ABOUT THIS EXERCISE: Reproduce the records word for word, from the first line to the line containing "Detail Contoh Perhitungan".
BEGIN DATA TO PROCESS
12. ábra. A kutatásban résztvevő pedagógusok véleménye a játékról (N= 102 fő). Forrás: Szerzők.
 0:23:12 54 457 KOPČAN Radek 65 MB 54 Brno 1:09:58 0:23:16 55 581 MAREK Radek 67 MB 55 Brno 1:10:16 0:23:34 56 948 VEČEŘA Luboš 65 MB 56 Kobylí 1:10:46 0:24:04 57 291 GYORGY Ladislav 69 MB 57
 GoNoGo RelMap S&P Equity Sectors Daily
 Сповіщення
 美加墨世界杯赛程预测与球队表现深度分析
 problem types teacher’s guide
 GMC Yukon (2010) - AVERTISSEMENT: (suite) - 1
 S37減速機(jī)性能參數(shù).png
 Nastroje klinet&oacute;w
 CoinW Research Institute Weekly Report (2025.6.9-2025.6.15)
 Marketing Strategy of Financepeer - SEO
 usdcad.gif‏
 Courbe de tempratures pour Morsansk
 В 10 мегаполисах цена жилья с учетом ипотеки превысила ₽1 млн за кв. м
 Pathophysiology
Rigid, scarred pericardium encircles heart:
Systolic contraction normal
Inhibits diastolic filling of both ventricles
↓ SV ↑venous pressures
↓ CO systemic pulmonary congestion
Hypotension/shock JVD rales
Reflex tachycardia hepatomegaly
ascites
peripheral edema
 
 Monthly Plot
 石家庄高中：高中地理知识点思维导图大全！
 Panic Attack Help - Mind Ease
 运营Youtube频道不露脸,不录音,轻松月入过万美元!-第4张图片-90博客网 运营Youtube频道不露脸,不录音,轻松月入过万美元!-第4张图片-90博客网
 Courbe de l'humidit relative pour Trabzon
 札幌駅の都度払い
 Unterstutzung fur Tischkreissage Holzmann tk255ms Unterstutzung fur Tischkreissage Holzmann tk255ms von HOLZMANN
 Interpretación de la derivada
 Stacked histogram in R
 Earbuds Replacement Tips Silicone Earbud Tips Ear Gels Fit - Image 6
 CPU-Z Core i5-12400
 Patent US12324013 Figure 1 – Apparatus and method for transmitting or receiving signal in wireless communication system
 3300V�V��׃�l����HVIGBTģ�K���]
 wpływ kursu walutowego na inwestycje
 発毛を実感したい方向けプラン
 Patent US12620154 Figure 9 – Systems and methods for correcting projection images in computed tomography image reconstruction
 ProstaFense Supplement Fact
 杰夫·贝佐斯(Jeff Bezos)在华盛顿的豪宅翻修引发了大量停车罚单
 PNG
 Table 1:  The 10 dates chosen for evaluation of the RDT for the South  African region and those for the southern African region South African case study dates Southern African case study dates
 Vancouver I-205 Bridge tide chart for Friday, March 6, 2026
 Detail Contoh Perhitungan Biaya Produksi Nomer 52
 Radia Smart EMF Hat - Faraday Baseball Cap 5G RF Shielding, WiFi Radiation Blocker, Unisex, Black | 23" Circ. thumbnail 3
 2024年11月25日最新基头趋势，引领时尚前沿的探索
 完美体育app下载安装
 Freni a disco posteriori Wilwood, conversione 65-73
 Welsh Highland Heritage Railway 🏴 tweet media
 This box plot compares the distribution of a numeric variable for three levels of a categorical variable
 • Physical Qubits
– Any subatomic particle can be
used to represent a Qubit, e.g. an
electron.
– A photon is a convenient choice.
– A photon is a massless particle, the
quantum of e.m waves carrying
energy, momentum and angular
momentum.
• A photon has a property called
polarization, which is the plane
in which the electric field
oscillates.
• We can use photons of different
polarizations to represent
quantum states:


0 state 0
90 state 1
END DATA TO PROCESS
TASK SOLUTION:
12. ábra. A kutatásban résztvevő pedagógusok véleménye a játékról (N= 102 fő). Forrás: Szerzők.
 0:23:12 54 457 KOPČAN Radek 65 MB 54 Brno 1:09:58 0:23:16 55 581 MAREK Radek 67 MB 55 Brno 1:10:16 0:23:34 56 948 VEČEŘA Luboš 65 MB 56 Kobylí 1:10:46 0:24:04 57 291 GYORGY Ladislav 69 MB 57
 GoNoGo RelMap S&P Equity Sectors Daily
 Сповіщення
 美加墨世界杯赛程预测与球队表现深度分析
 problem types teacher’s guide
 GMC Yukon (2010) - AVERTISSEMENT: (suite) - 1
 S37減速機(jī)性能參數(shù).png
 Nastroje klinet&oacute;w
 CoinW Research Institute Weekly Report (2025.6.9-2025.6.15)
 Marketing Strategy of Financepeer - SEO
 usdcad.gif‏
 Courbe de tempratures pour Morsansk
 В 10 мегаполисах цена жилья с учетом ипотеки превысила ₽1 млн за кв. м
 Pathophysiology
Rigid, scarred pericardium encircles heart:
Systolic contraction normal
Inhibits diastolic filling of both ventricles
↓ SV ↑venous pressures
↓ CO systemic pulmonary congestion
Hypotension/shock JVD rales
Reflex tachycardia hepatomegaly
ascites
peripheral edema
 
 Monthly Plot
 石家庄高中：高中地理知识点思维导图大全！
 Panic Attack Help - Mind Ease
 运营Youtube频道不露脸,不录音,轻松月入过万美元!-第4张图片-90博客网 运营Youtube频道不露脸,不录音,轻松月入过万美元!-第4张图片-90博客网
 Courbe de l'humidit relative pour Trabzon
 札幌駅の都度払い
 Unterstutzung fur Tischkreissage Holzmann tk255ms Unterstutzung fur Tischkreissage Holzmann tk255ms von HOLZMANN
 Interpretación de la derivada
 Stacked histogram in R
 Earbuds Replacement Tips Silicone Earbud Tips Ear Gels Fit - Image 6
 CPU-Z Core i5-12400
 Patent US12324013 Figure 1 – Apparatus and method for transmitting or receiving signal in wireless communication system
 3300V�V��׃�l����HVIGBTģ�K���]
 wpływ kursu walutowego na inwestycje
 発毛を実感したい方向けプラン
 Patent US12620154 Figure 9 – Systems and methods for correcting projection images in computed tomography image reconstruction
 ProstaFense Supplement Fact
 杰夫·贝佐斯(Jeff Bezos)在华盛顿的豪宅翻修引发了大量停车罚单
 PNG
 Table 1:  The 10 dates chosen for evaluation of the RDT for the South  African region and those for the southern African region South African case study dates Southern African case study dates
 Vancouver I-205 Bridge tide chart for Friday, March 6, 2026
 Detail Contoh Perhitungan Biaya Produksi Nomer 52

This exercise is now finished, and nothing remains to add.